> **Required action**: Repeat the records below verbatim, and do not copy their pictures.

============================================================

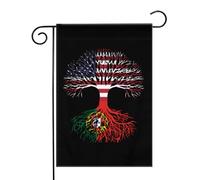 Arbre à racines drapeau Amérique Portugal États-Unis Drapeaux de jardin (12,5 x 18 pouces) - Bannière aux couleurs éclatantes pour décoration extérieure de jardin et de maison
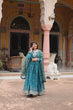 Load image into Gallery viewer, Teal Blue Elegant Chinon Gown with Sequins Embroidery &amp; Kalamkari Silk Dupatta ClothsVilla
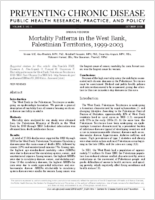 Mortality Patterns in the West Bank Palestinian Territories 19992003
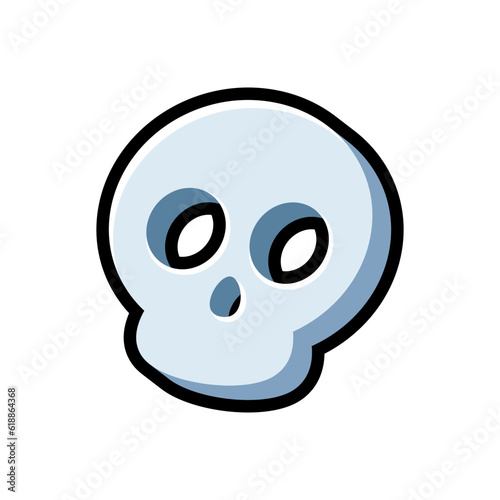 Isolated flat 3d skull icon for game, interface, sticker, app. The sign in a cartoon style for match 3, arcade, rpg. The sprite for craft element in hyper casual mobile game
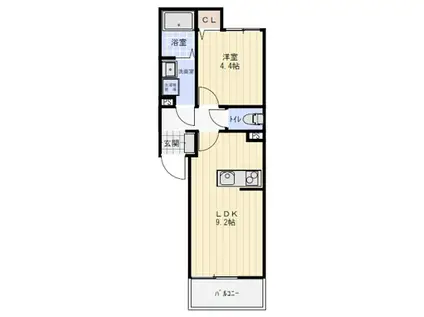 LA PRIMAVERA和白東(1LDK/2階)の間取り写真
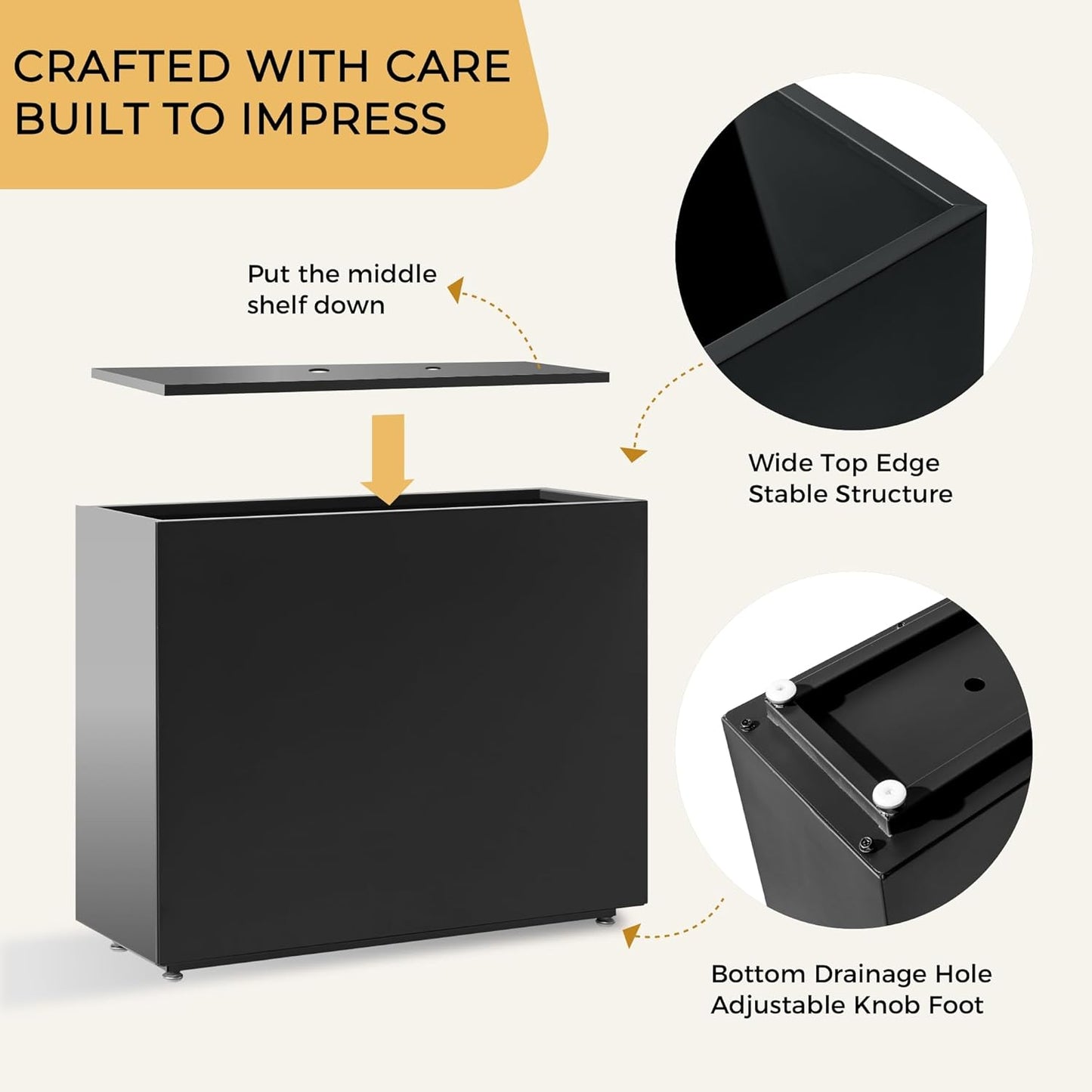 Tall & Long Metal Planter with Middle Shelf, 36W x 11D x 30H Large Rectangular Outdoor Planter Box, Span Divider for Garden, Patio, Yard | Easy 5-Min Assembly, Drainage Holes, Adjustable Feet, Black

============================================================

> **Response to the exercise**:
 Arbre à racines drapeau Amérique Portugal États-Unis Drapeaux de jardin (12,5 x 18 pouces) - Bannière aux couleurs éclatantes pour décoration extérieure de jardin et de maison
 Load image into Gallery viewer, Teal Blue Elegant Chinon Gown with Sequins Embroidery &amp; Kalamkari Silk Dupatta ClothsVilla
 Mortality Patterns in the West Bank Palestinian Territories 19992003
 Isolated flat 3d skull icon for game, interface, sticker, app. The sign in a cartoon style for match 3, arcade, rpg. The sprite for craft element in hyper casual mobile game
 LA PRIMAVERA和白東(1LDK/2階)の間取り写真
 Tall & Long Metal Planter with Middle Shelf, 36W x 11D x 30H Large Rectangular Outdoor Planter Box, Span Divider for Garden, Patio, Yard | Easy 5-Min Assembly, Drainage Holes, Adjustable Feet, Black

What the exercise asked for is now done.